The subjects will receive a vitamin B3 supplement (2 g) and a test meal with high-fat (containing 72% monounsaturated fat, 22% carbohydrate, and 6% protein)

The subjects will receive a vitamin B3 supplement (2 g) and a test meal with high-fat (containing 72% polyunsaturated omega-3 fat, 22% carbohydrate, and 6% protein)

Test meal with high-fat (containing 72% polyunsaturated omega-3 fat, 22% carbohydrate, and 6% protein)

Glucose, insulin, C-peptide, triglyceride, and NEFA levels in plasma will be measured at several time-points postprandially (t = 0, 2, 3, 4, and 6 h) using routine biochemical procedures. Different empiric indices of postprandial β-cell function and insulin sensitivity will be determined.

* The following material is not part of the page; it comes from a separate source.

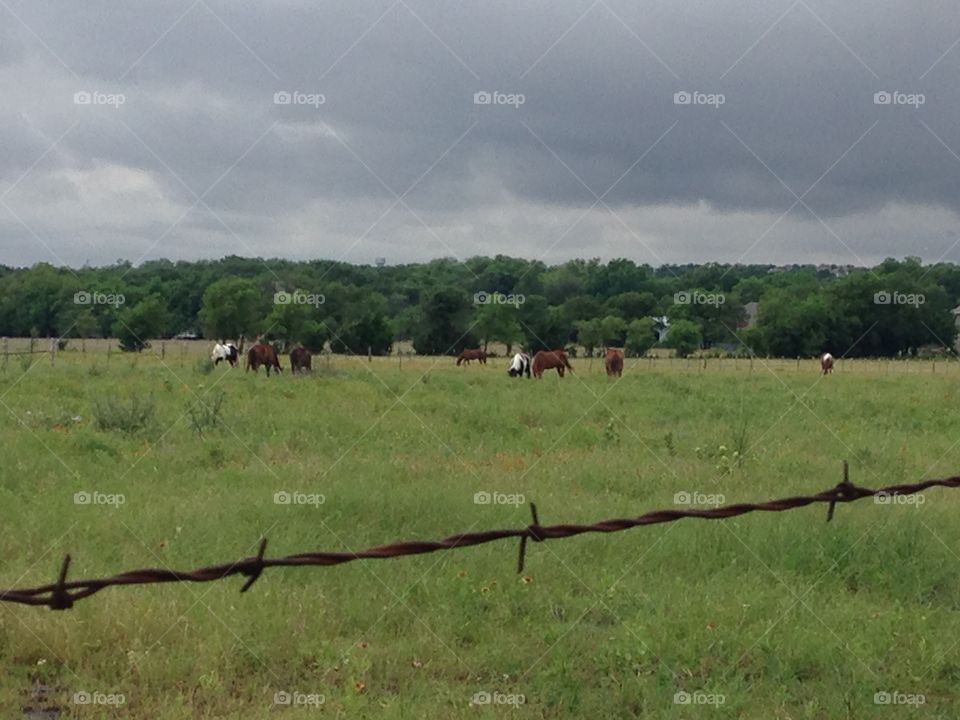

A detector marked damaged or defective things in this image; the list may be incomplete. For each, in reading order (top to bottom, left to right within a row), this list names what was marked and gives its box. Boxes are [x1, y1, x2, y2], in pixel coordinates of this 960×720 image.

rusty barbed wire [1, 464, 960, 612]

Inflammatory markers will be measured in plasma at several time-points postprandially (t = 0, 2, 3, 4, and 6 h) using appropriate methods (EIA, ELISA, and/or Bioplex multiplex system), and will include NAMPT, the acute phase protein (hsCRP), PAI-1, fibrinogen, transferrin, albumin, MPO (myeloperoxidase), and cytokines such as TNFα, IL-1β, IL-6, IL-8, IL-10, ICAM-1, MCP-1, leptin, and adiponectin, among other markers. For NAD+ content in plasma at fasting and postprandially, we will add 0.5 M ice-cold HClO4 to samples; after 2 min, we will collect 100 μL of supernatants by centrifugation at 3,000 g for 5 min, add 20 μL K2HPO4 (1 M) with cooling on ice and adjust pH to 7.2-7.4 with KOH. We will add 50 μL of supernatant to the reaction mixture containing 0.1 M sodiumpyrophosphate-semicarbazid (pH 8.8), absolute ethanol, and dH2O. We will assess NAD+ spectrophotometrically at 339 nm at 25 °C, as a mean difference in absorbance before and 6 min after addition of alcohol dehydrogenase.

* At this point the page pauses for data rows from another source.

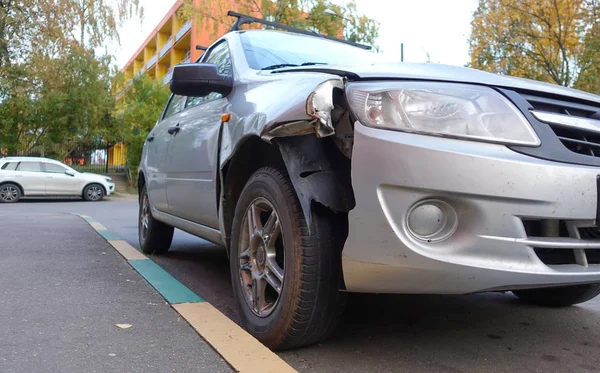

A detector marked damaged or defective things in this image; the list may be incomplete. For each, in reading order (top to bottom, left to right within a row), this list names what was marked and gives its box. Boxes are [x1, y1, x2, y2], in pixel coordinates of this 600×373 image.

damaged silver car [139, 11, 600, 348]
crushed front bumper [344, 121, 600, 294]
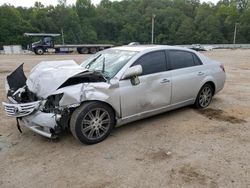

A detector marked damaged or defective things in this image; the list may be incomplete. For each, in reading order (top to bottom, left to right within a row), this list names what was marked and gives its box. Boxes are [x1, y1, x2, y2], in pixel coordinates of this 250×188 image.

crumpled hood [26, 60, 87, 98]
damaged toyota avalon [1, 45, 226, 144]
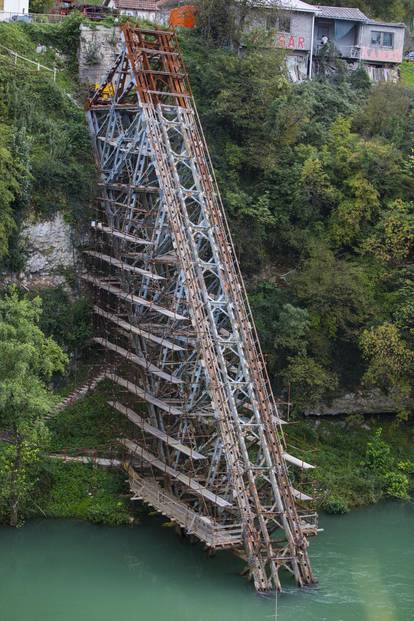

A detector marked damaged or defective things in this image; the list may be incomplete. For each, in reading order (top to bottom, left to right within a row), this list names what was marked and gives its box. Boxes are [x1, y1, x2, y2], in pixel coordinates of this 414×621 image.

rusty steel truss [84, 24, 316, 592]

Quantitation of nicotinic acid and its metabolites (nicotinamide, nicotinuric acid, and N-methyl-2-pyridone-5-carboxamide) will be assessed in postprandial plasma by LC-MS/MS.

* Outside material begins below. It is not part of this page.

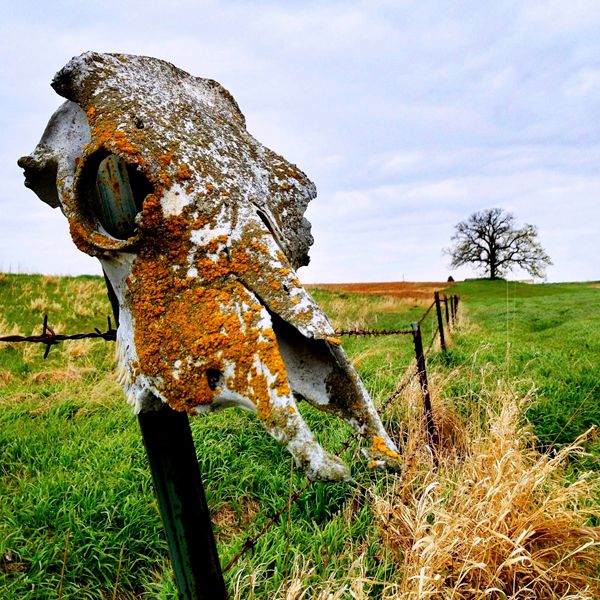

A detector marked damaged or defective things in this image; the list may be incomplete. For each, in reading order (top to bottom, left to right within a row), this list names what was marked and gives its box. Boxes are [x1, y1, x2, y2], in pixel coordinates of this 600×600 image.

rusty fence post [103, 274, 227, 600]
rusty fence post [410, 324, 438, 454]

Inclusion Criteria: clinical diagnosis of metabolic syndrome Exclusion Criteria: Subjects will be excluded if, allergic to dairy products, allergic to fish oil, vegetarian, tobacco smoker, current or recent (<4 wk) use of fish oil supplements or more than four times fish/week, received innoculations within 2 mo of starting the study or planned to during the study, donated or intended to donate blood from 2 mo before the study till 2 mo after the study, unstable body weight (no weight gain/loss >3 kg), medical condition that can interfere with the study outcome (i.e., biochemical evidence of active heart disease, renal impairment, hypothyroidism, liver dysfunction, etc.), use of medications know to interfere with glucose homeostasis or lipid metabolism, use of anti-inflammatory medication, hormone or cytokine or growth factor therapies, abuse of drugs and/or alcohol, participation in another biomedical study within 1 mo before the first screening visit, or not wanting to be informed about chance-findings during screening. Another exclusion criteria will be severe diabetes, which requires application of insuin and diabetes-related complications.